For positive Gauss-Bonnet coupling, curvature growth during five-dimensional black string instability stays within effective field theory validity.

A machine-rendered reading of the paper's core claim, the machinery that carries it, and where it could break.

The paper uses numerical relativity to evolve unstable five-dimensional black strings in Einstein-Gauss-Bonnet gravity. The strings fragment into black holes joined by thinner string segments. When the Gauss-Bonnet coupling is positive, curvature invariants reach a maximum value that remains inside the regime where the effective field theory truncation is reliable. For negative coupling the invariants grow without bound until the truncation fails. This sign dependence suggests a dynamical process that can keep the evolution within the domain where the theory description holds.

Core claim

In Einstein-Gauss-Bonnet gravity, five-dimensional black strings undergo a non-linear instability that fragments them into a chain of black holes connected by string-like segments. For positive Gauss-Bonnet coupling the growth of curvature invariants is limited within the validity of the effective field theory, while for negative coupling the curvatures grow until the effective description breaks down.

What carries the argument

The sign of the Gauss-Bonnet coupling that controls whether curvature invariants saturate inside the effective field theory regime during black string fragmentation.

If this is right

  • Positive coupling prevents curvature from exceeding the effective field theory regime during the instability.
  • The bounded curvature offers a possible dynamical mechanism for preserving weak cosmic censorship.
  • Negative coupling permits curvatures to grow large enough that the effective field theory description fails.
  • The instability itself occurs independently of the coupling sign, but the endpoint curvature behavior depends on that sign.

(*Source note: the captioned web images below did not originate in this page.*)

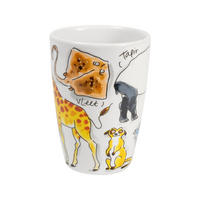 XL-BECHER Seepferdchen in Bunt - 500 ml - Multicolor, Keramik (0.5L) - Blond Amsterdam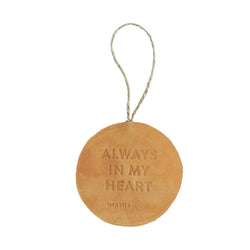 always in my heart ornament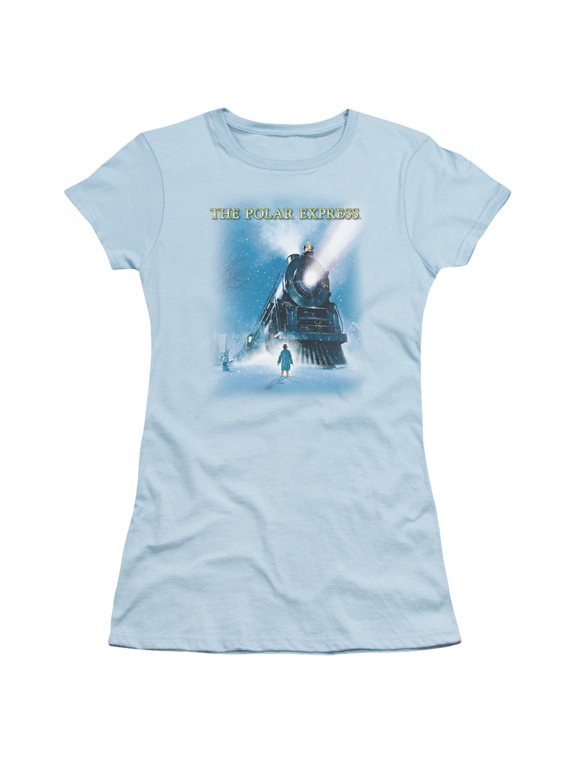 Polar Express - Big Train - Juniors Teen Girls Cap Sleeve Shirt - XX-Large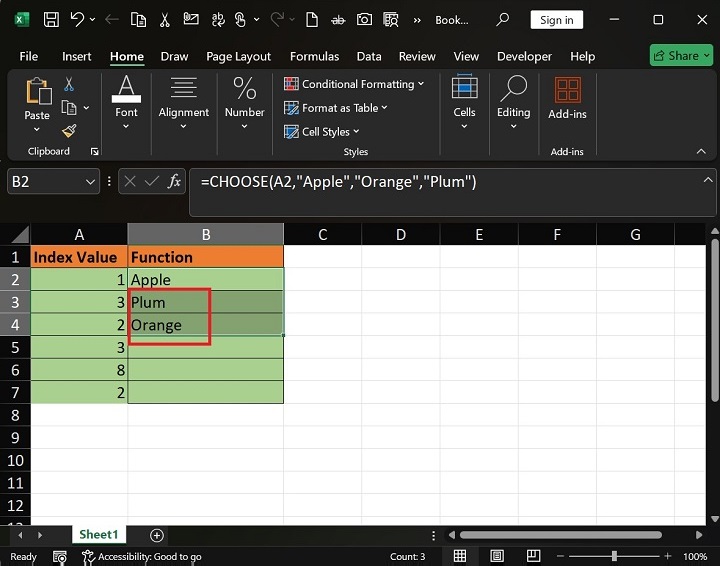 CHOOSE函数在Excel3中的作用是什么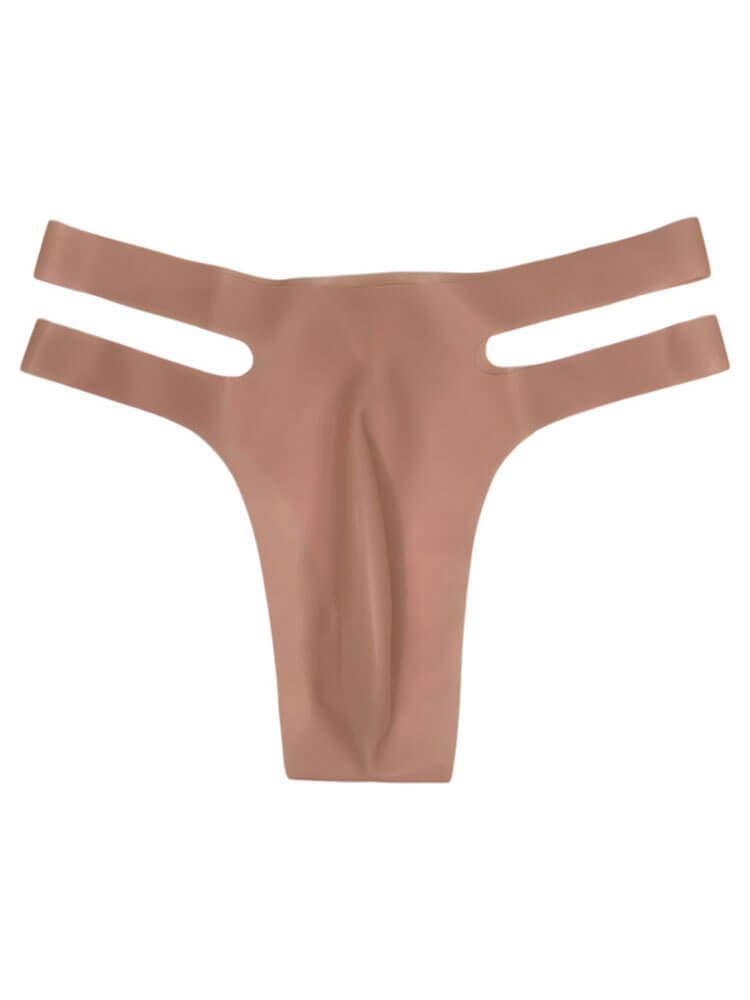 Men's Sexy High-Elastic Seamless Latex Thong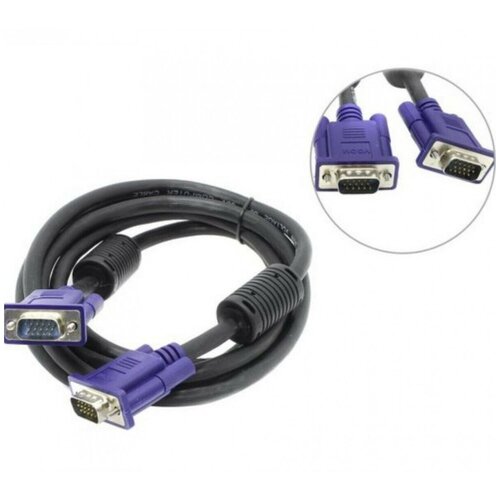 кабель vga vga vcom 5m Кабель VGA - VGA 5m Орбита OT-AVW19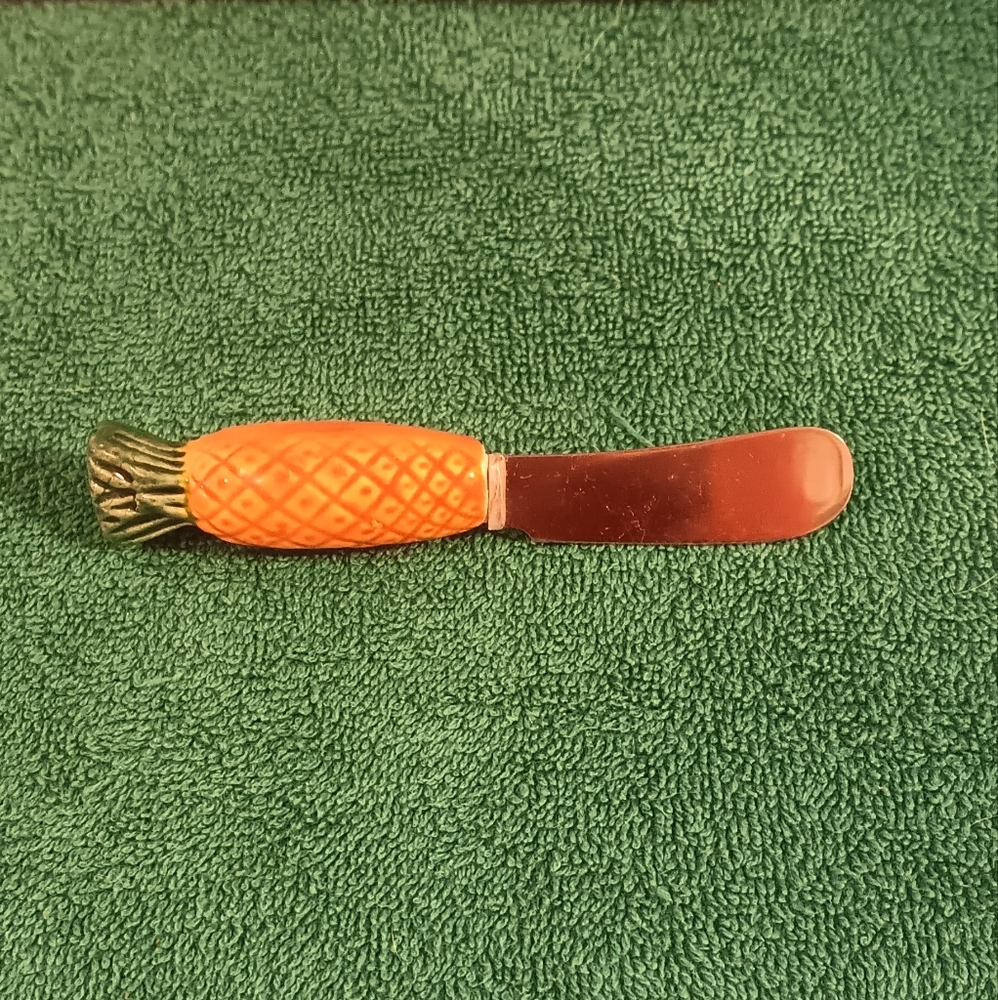 Vintage Butter Jam Cheese Charcuterie Knife Spreader Pineapple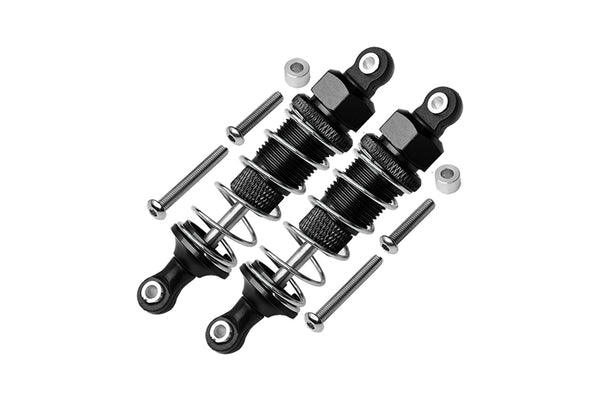 Tamiya DT-03 Aluminum Front Adjustable Plastic Ball Top 70mm Damper - 1Pr Set Black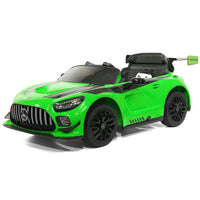 Moderno Kids Mercedes AMG GT3 EVO 12V Kids Ride-On Car with R/C Parental Remote | Green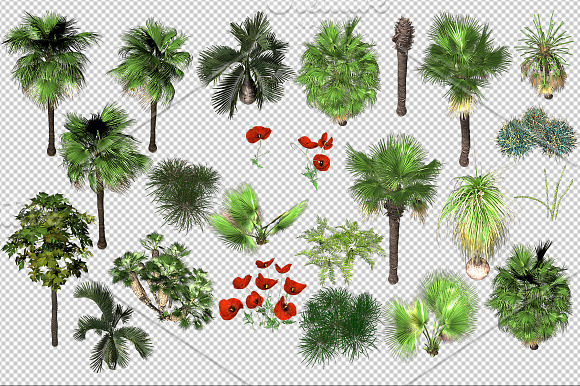 Desert Jungle Game Background in Objects - product preview 4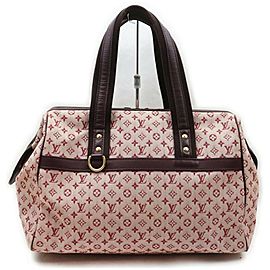Louis Vuitton Bordeaux Monogram Mini Lin Josephine GM Boston Speedy Large 861551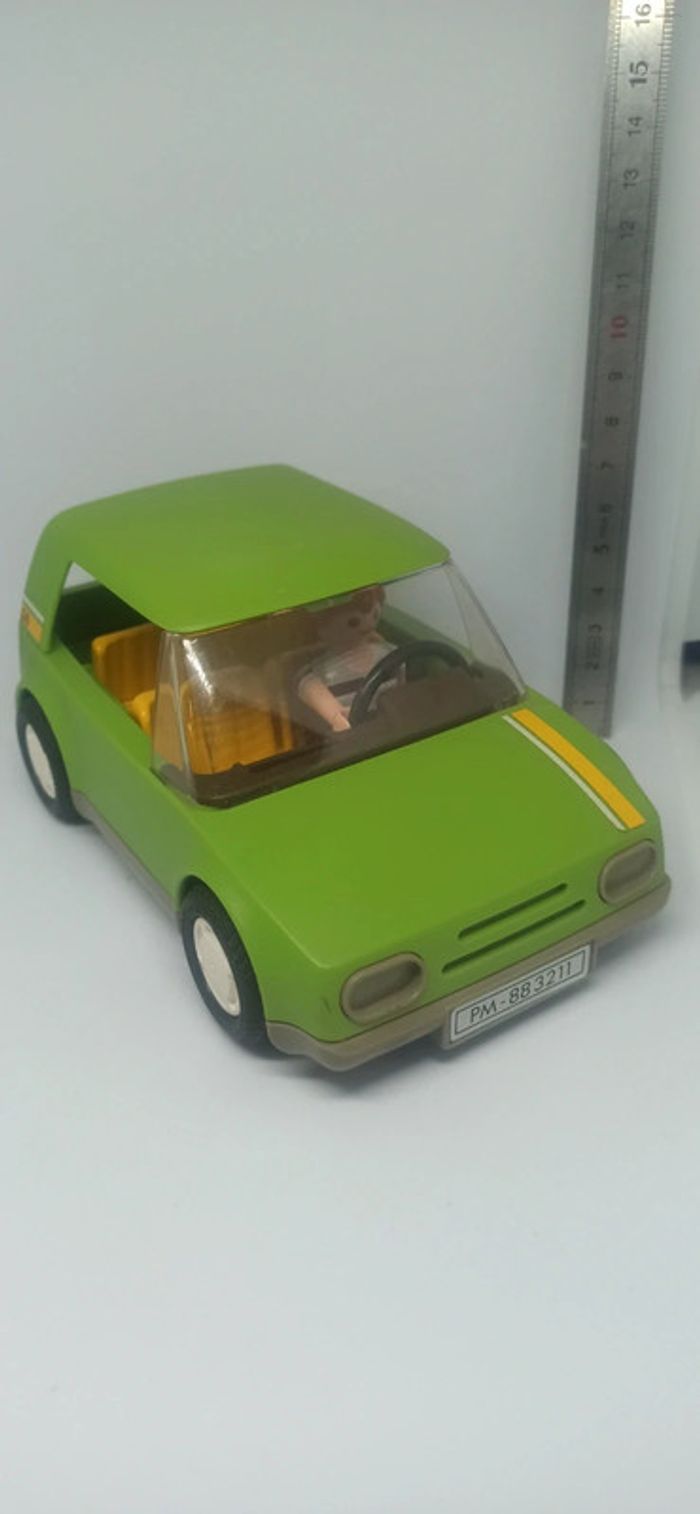 Véhicule voiture verte playmobil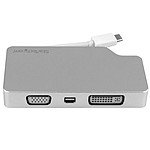 StarTech.com Adaptateur USB Type-C vers VGA/DVI/HDMI ou mini DP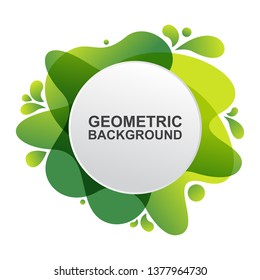 Abstract Modern Dynamical Gradient Colored Liquid Fluid Shape Banner Frame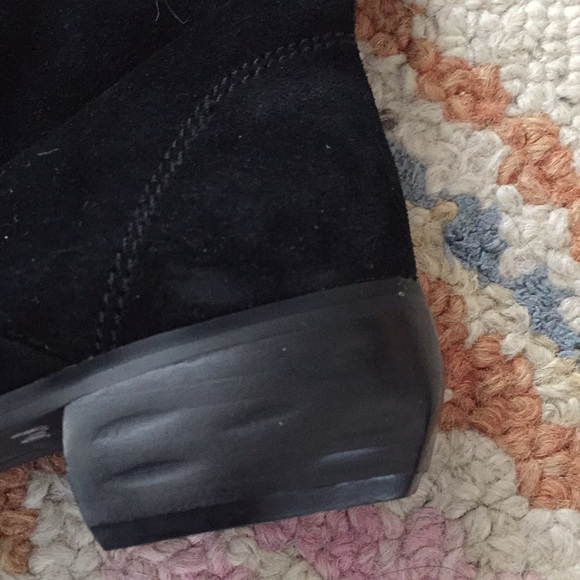 Heidi Klum Miley Black Suede Boots Size 36.5 - Picture 2 of 5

Where Pith is reading between the lines

These are editorial extensions of the paper, not claims the author makes directly.

  • The same sign-dependent saturation might appear in other higher-curvature corrections to Einstein gravity.
  • Including next-order terms in the effective action could test whether the curvature cap survives or shifts.
  • If the mechanism generalizes, it could constrain which signs of higher-curvature couplings are viable in ultraviolet completions.

Load-bearing premise

The numerical relativity simulations remain accurate without higher-order terms in the effective field theory becoming important before the reported curvature cap is reached.

What would settle it

A simulation with positive Gauss-Bonnet coupling in which a curvature invariant exceeds the effective field theory cutoff scale before the evolution reaches a steady state.

Figures

Figures reproduced from arXiv: 2606.05319 by \'Aron D. Kov\'acs, Pau Figueras, Shunhui Yao.

Figure 1
Figure 1. Figure 1: FIG. 1. Growth-rate profile of the first three generations of [PITH_FULL_IMAGE:figures/full_fig_p002_1.png] view at source ↗
Figure 2
Figure 2. Figure 2: FIG. 2. Time evolution of proper length of black string for dif [PITH_FULL_IMAGE:figures/full_fig_p003_2.png] view at source ↗
Figure 4
Figure 4. Figure 4: FIG. 4. The derivative expansion condition [PITH_FULL_IMAGE:figures/full_fig_p004_4.png] view at source ↗
Figure 5
Figure 5. Figure 5: FIG. 5. Signature of hyperbolicity loss. [PITH_FULL_IMAGE:figures/full_fig_p007_5.png] view at source ↗
Figure 6
Figure 6. Figure 6: FIG. 6. The spatial distribution of the diagnostics ∆ [PITH_FULL_IMAGE:figures/full_fig_p008_6.png] view at source ↗
read the original abstract

We use numerical relativity to study the non-linear instability of five-dimensional black strings in Einstein-Gauss-Bonnet gravity. Black strings evolve into a series of black holes joined by thinner string-like segments, but key features of the dynamics depend on the sign of the Gauss-Bonnet coupling. For positive coupling, favored by UV considerations, the growth of curvature invariants is limited within the validity of effective field theory (EFT), suggesting a mechanism for restoring weak cosmic censorship. For negative coupling this cap is absent and curvatures may grow until the EFT breaks down.

Editorial analysis

A structured set of objections, weighed in public.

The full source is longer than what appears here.